Bergman mergulha como nunca em sua carreira no expressionismo para fazer A Hora do Lobo. Os fantasmas imaginados pelo personagem de Max Von Sydow são expressões dele mesmo, reflexos distorcidos de uma alma que sofre. Johan – o homem em questão – é assombrado por traumas do seu passado, eventos que podem variar da sua infância a relacionamentos amorosos mal-resolvidos. E é nesse tipo de terreno psicológico, trabalhando com mentes perturbadas, que Bergman tira alguns de seus melhores trabalhos.


O filme começa – e é impressionante o quanto isso passa batido – com um interlúdio textual que estabelece A Hora do Lobo como uma história verídica, baseado num caso real de um homem que desapareceu em condições semelhantes. Bergman, em toda sua sabedoria, não vai muito além nisso e imediatamente passa os créditos iniciais com o som vazado dele conversando com sua equipe de filmagem (áudio que pode ser verdadeiro ou falso, tanto faz), passando uma mensagem bem clara: A Hora do Lobo é um produto cinematográfico, uma construção artística – e como tal, uma farsa regida pela sua própria liberdade criativa – mesmo que baseada num caso verídico, informação por si só duvidosa, mas que não tenho o interesse de averiguar.

Nunca fica claro, para mim, se Johan é realmente um artista. Ele obviamente tem a pretensão de ser um; fala, inclusive, como um quando nega sê-lo. Em sua loucura, ele incarna todos os fetiches do artista sofredor, como ser engolido por um mundo pequeno-burguês de figuras excêntricas, com seus jantares ao som de Mozart, suas bibliotecas intermináveis e seus assuntos de uma intelectualidade trivial.
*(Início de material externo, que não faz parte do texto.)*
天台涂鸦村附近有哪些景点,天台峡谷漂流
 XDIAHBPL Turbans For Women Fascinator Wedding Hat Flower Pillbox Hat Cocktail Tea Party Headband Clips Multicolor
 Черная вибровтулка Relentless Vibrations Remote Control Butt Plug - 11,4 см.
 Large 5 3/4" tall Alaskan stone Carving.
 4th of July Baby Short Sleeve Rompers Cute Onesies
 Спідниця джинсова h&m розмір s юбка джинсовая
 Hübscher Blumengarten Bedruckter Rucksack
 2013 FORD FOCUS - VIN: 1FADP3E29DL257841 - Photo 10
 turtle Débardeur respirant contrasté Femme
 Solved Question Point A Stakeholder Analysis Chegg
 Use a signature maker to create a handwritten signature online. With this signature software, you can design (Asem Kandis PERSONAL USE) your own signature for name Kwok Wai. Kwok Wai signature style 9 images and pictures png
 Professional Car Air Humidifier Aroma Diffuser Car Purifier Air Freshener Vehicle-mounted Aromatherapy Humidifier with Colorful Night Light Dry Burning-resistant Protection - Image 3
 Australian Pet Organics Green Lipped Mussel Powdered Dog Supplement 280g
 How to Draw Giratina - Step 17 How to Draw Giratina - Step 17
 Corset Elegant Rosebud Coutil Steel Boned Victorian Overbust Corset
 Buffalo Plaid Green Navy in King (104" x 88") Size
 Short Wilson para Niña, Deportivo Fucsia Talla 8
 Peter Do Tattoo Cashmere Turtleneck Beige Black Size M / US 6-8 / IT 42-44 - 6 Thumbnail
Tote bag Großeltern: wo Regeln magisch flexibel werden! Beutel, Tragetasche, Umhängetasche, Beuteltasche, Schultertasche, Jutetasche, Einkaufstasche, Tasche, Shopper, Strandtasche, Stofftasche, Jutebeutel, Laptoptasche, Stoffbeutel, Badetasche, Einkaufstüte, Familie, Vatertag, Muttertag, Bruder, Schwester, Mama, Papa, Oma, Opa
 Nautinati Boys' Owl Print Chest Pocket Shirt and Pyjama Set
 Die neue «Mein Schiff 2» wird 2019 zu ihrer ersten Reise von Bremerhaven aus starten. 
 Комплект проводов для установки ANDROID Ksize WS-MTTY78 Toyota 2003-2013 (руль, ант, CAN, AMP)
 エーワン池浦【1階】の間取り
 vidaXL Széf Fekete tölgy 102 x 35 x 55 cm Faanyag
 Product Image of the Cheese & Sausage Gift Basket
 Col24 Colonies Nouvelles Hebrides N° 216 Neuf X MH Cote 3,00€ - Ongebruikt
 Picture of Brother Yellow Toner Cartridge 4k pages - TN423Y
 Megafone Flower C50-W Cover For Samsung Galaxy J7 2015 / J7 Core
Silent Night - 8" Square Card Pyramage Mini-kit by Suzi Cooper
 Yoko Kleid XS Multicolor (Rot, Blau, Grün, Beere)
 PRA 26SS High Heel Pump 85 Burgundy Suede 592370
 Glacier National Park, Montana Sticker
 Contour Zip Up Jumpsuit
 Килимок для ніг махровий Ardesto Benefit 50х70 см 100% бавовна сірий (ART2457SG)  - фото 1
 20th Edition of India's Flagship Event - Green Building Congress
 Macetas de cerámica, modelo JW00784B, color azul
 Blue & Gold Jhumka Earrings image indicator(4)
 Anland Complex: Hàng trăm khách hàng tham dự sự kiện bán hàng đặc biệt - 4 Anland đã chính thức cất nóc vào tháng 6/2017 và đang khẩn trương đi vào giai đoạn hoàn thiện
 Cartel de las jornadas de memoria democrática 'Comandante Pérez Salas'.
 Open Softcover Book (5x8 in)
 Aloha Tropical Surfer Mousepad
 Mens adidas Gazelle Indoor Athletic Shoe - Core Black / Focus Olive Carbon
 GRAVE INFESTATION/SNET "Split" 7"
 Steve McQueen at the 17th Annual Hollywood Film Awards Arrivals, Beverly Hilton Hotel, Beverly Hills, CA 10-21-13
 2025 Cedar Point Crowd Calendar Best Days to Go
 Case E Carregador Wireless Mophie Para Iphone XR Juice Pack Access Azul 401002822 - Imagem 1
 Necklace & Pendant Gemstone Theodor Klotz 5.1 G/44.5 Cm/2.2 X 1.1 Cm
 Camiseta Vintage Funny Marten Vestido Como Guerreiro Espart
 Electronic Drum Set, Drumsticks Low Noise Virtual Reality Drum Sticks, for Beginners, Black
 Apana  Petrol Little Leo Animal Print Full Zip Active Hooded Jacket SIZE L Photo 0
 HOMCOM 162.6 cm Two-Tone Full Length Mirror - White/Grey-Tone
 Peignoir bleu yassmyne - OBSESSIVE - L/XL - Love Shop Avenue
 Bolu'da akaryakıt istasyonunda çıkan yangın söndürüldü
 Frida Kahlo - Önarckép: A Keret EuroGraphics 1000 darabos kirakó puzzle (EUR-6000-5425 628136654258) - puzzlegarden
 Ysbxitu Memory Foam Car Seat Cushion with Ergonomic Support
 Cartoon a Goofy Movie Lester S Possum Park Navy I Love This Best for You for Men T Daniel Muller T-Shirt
Por outro lado, Bergman em geral recusa-se a mostrar-nos seus quadros, temos apenas breves relances dos mesmos, e o filme muitas vezes dá a impressão de que suas pretensões artísticas podem fazer parte de seus devaneios. De qualquer forma, ele pode ser ou não um artista, mas ele certamente é uma figura traumatizada.

Seria criminoso reduzir uma obra tão ampla como A Hora do Lobo, mas um de suas facetas é a do isolamento, e o efeito psicológico dessa. É essa combinação do efeito brutal do isolamento, da falta de sono, junto das inseguranças (possivelmente provocadas pela gravidez de sua companheira Alma, que pode ter sido fator catalizador para o retorno das memórias de infância e das relações fraternas do protagonista) e traumas de Johan que começa a sua descendência frenética à loucura – num processo que curiosamente lembra Cure [1997], de Kiyoshi Kurosawa, um cineasta que em princípio nada tem a ver com o sueco. Fatos mal assimilados (psicologicamente) de seu passado começam a misturar-se em fantasias antropófagas, num coquetel insano que, pela proximidade e semelhança de condições (isolamento e insônia), contagia também Alma (Liv Ullmann).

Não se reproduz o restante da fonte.